Fantastic song by Macklemore and Ryan Lewis. He wears your granddad's clothes and looks incredible!

"Same Love" - A Song for Marriage Equality

 

Music for Marriage Equality is working with Washington musicians to approve R-74, a referendum that will put same-sex marriage to the popular vote on Washington's state ballot in November.

Macklemore & Ryan Lewis recorded this lovely song, which includes vocals by Mary Lambert, to benefit Music for Marriage Equality. The cover art (above) for the single is a photograph of Macklemore’s uncles, who served as inspiration for the song and were a model of a committed and loving relationship while he was growing up.

Here's Macklemore on the process of writing the song:

 This song, which I wrote in April, is a response to what I have observed and experienced, and is also an act of personal accountability. It was not easy to write, and I struggled with how I, as a straight male, could genuinely speak upon this issue.

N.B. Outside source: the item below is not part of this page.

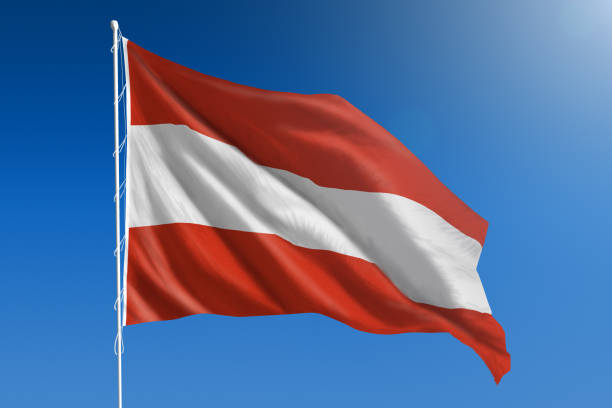 nationalflagge österreichs am klaren blauen himmels - austrian flag stock-fotos und bilder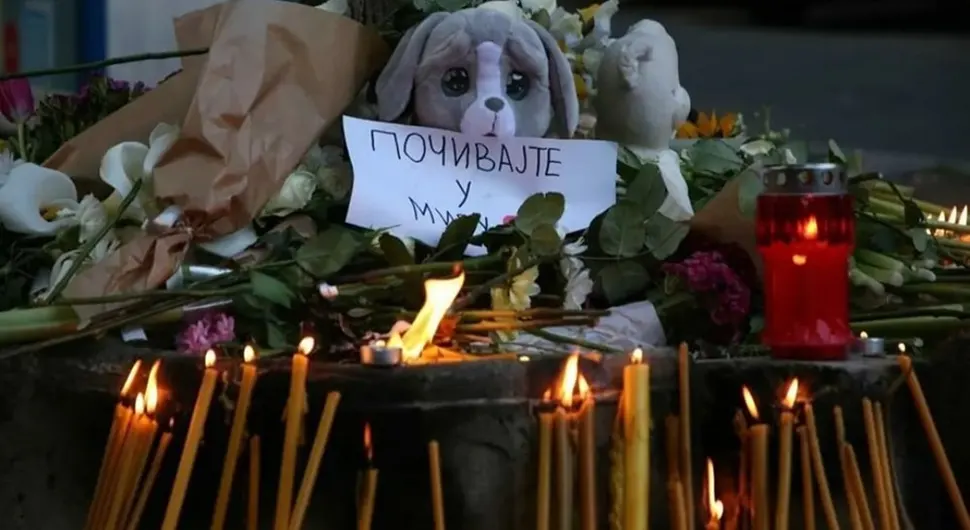 Cijela Srbija u žalosti nakon pucnjave na Vračaru, građani odaju poštu stradalima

Initially, I tried writing from the perspective of a gay, bullied kid, but after getting some feedback, I felt it wasn’t my story to tell. What I do know, and where I wrote from, is my own perspective growing up in a culture where “that’s gay” was commonplace, with a huge stigma on those who identified and were perceived as gay.

Growing up in the Catholic Church, I saw first-hand how easily religion became a platform for hate and prejudice. Those who “believed” were excused from their own judgments, bypassing the stark issue of basic civil rights.

But, more influential to me as a kid than the church was hip hop, my cultural foundation that influenced my worldview.